Professor of Public Health Policy
Katherine.Smith.100@strath.ac.uk
https://www.strath.ac.uk/staff/smithkatherineprofessor/
I am a Professor of Public Health Policy at the Strathclyde School of Social Work and Social Policy and Honorary Professor at the School of Social & Political Science, University of Edinburgh (where I previously worked). I am currently involved in the following five areas of research: (i) research exploring public, policy and academic understandings of health inequalities in the UK (supported by grants from the ESRC and by my 2014 Philip Leverhulme Prize award), which uses a combination of surveys, deliberative mini-publics, interviews and documentary analysis; (ii) research examining innovative health taxes, which is exploring the potential for different types of taxes in a range of different income settings (this includes work focusing on Scotland, which is funded by an ESRC impact accelerator award); (iii) research exploring the impacts of the UK's research impact agenda; (iv) I am leading a policy-focused workstream of SIPHER, a UKPRP funded consortium that is working to support policymakers to achieve an upstream shift in policy responses to public health and health inequalities via a complex systems modelling support tool; and (v) I am also involved in a separate UKPRP funded consortium called SPECTRUM, for which I will be helping to develop deliberative approaches to examining public preferences for tackling the costs of unhealthy commodity products (alcohol, cigarettes, ultra-processed food, etc).

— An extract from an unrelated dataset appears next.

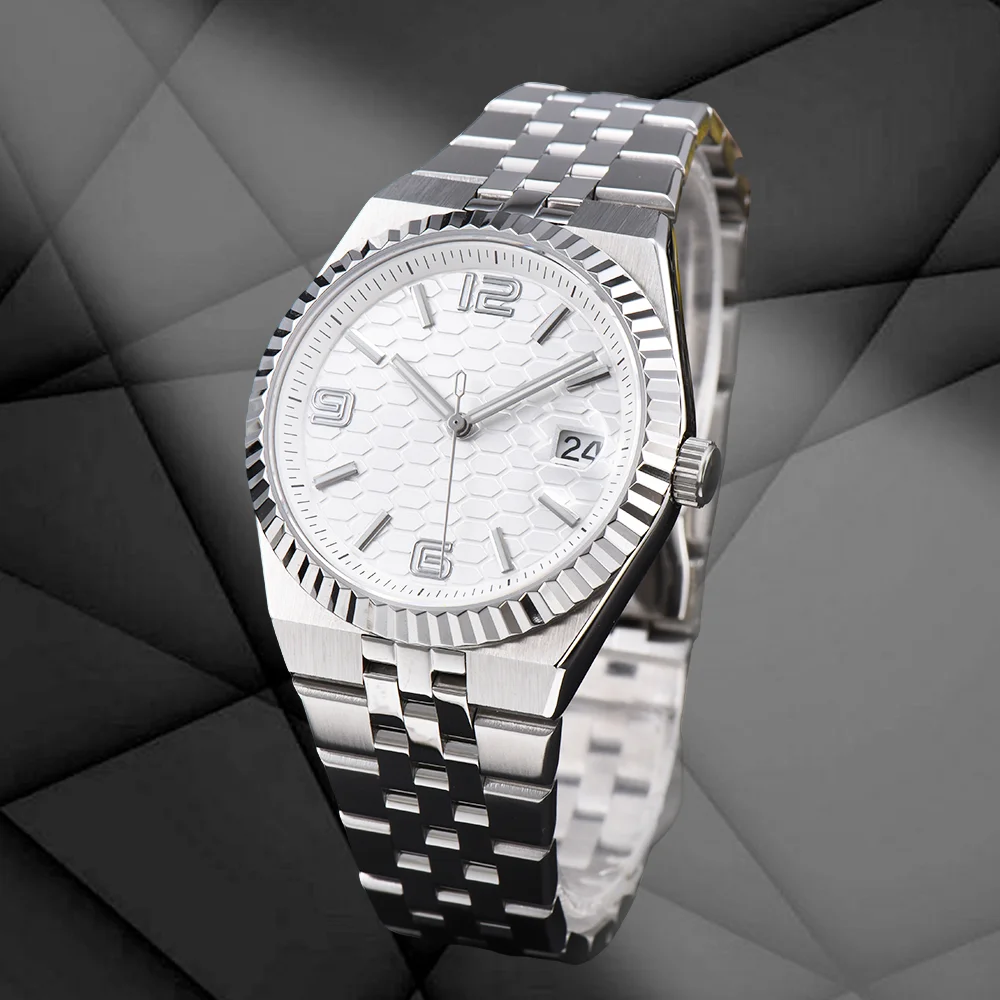 Reloj personalizado con movimiento NH35, reloj plateado de 39,5mm para hombre, esfera de zafiro con espejo de cuerpo completo, relojes con logotipo personalizado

My earlier research (undertaken at the universities of Edinburgh, Bath and Durham) involved analysing corporate (particularly tobacco industry) efforts to influence EU and European Member State policies, comparatively assessing UK policies to tackle health inequalities, and evaluating national and local strategies to improve public health in the devolved UK. These various projects have been written up in various journal articles, a monograph entitled ‘Beyond Evidence-Based Public Health Policy: The Interplay of Ideas (Palgrave Macmillan, October 2013), a co-authored book on The Impact Agenda (2020, Policy Press) and a British Medical Association award-winning edited collection, ‘Health Inequalities: Critical Perspectives’ (Oxford University Press 2016). I am currently Co-Editor-in-Chief of Evidence & Policy and Co-Editor of the book series Palgrave Studies in Science, Knowledge & Policy.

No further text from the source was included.